As built, the Blitz-class avisos were armed with one 12.5 cm K L/23 gun placed in a pivot mount atop the bow. The gun was supplied with 100 rounds of ammunition. The ships were also equipped with four 8.7 cm K L/23 guns in single mounts and one 35 cm torpedo tube mounted in the bow above the waterline. In 1891 and 1892, the ships were rearmed with six 8.8 cm SK L/30 guns in single mounts; these were carried one on the bow, one on the stern, and two amidships on either broadside. They also received three 35 cm torpedo tubes, one in the bow and one on each broadside, all submerged in the hull. The ships did not carry any armor protection.

==Ships==

Construction data
| Ship | Builder | Laid down | Launched | Completed |
|---|---|---|---|---|
| Blitz | Norddeutsche Schiffbau-Gesellschaft, Kiel | 1881 | 26 August 1882 | 28 March 1883 |
| Pfeil | Kaiserliche Werft, Wilhelmshaven | 1881 | 16 September 1882 | 25 November 1884 |

==Service history==

Pfeil at sea c. 1914

Upon entering service, Blitz served as the flotilla leader for I Torpedo-boat Flotilla; at the time, Alfred von Tirpitz, the future architect of the High Seas Fleet, directed the operations of the navy's torpedo craft, and Blitz was involved in evaluations of torpedo boat capabilities in the early 1880s. These included tests to demonstrate the ability of the boats to operate away from sheltered, coastal waters and weapons tests. Pfeil initially served with the training squadron until late 1889, when she was deployed to German East Africa to help suppress the Abushiri revolt. She helped to enforce a blockade of the colony and also took part in operations against rebel forces, sending men ashore and bombarding enemy troops. In the 1890s, both ships operated with the fleet, Blitz with the torpedo boats and Pfeil as a scout for the capital ships. During this period, they routinely took part in the yearly training routine that consisted of flotilla and squadron exercises and culminated in the annual fleet maneuvers held every August and September. They also frequently escorted members of the royal family, including Kaiser Wilhelm II, who cruised aboard his yacht Hohenzollern.
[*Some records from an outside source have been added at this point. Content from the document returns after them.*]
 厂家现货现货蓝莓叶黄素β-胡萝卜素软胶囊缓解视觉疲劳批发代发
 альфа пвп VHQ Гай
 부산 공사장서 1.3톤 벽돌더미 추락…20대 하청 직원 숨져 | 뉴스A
By the mid-1890s, both ships began to take on secondary duties, including fishery protection patrols to prevent foreign fishing boats from violating German territorial waters, acting as tenders, and serving as training ships, although they continued to serve as active units in the fleet. The ships were involved in a number of accidents over the course of their careers, each sinking a merchant ship in accidental collisions. Both ships were assigned as dedicated tenders to I Squadron and II Squadron in the mid-1900s, and in this capacity, they accompanied the fleet's battleships on long-range cruises and continued to participate in the annual maneuvers.
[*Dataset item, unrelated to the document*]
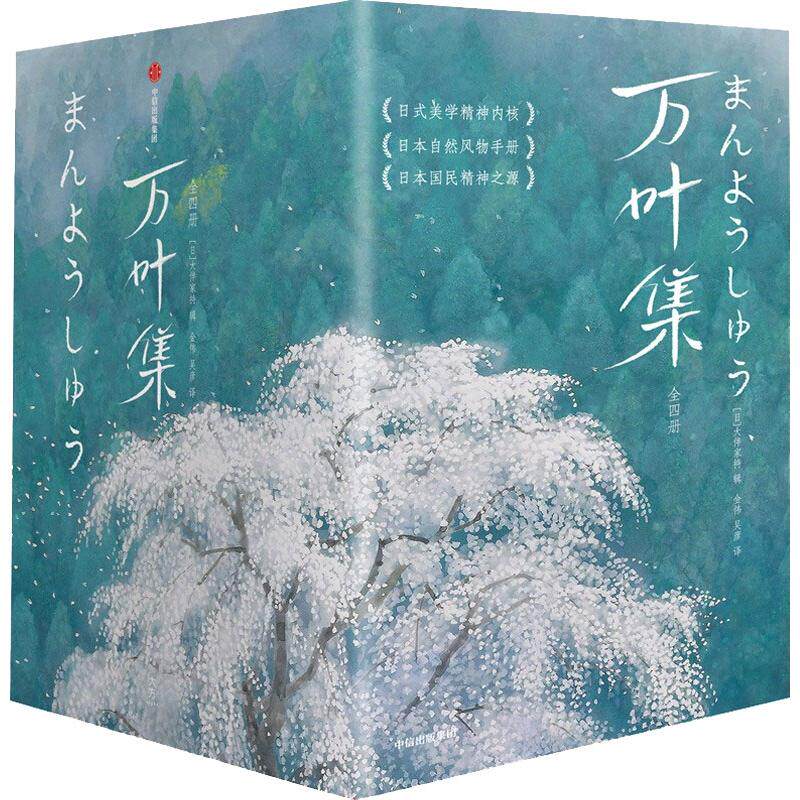 万叶集（作家榜经典名著） 中信出版社 [日] 大伴家持 著 金伟，吴彦  译 文轩书籍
Blitz and Pfeil continued to serve as tenders during World War I, though Blitz's activities during the war are unclear, as one historian reports her initially being used for coastal defense patrols, though another source states that she remained a tender through 1917, when she was sent to participate in Operation Albion against Russian forces in the Baltic Sea; she was reportedly also slated to take part in Operation Schlußstein in August 1918, also directed against Russia, but the plan was cancelled. Pfeil, meanwhile, was also used to train U-boat crews. Blitz and Pfeil were ultimately struck from the naval register in 1921 and 1922, respectively, before being broken up.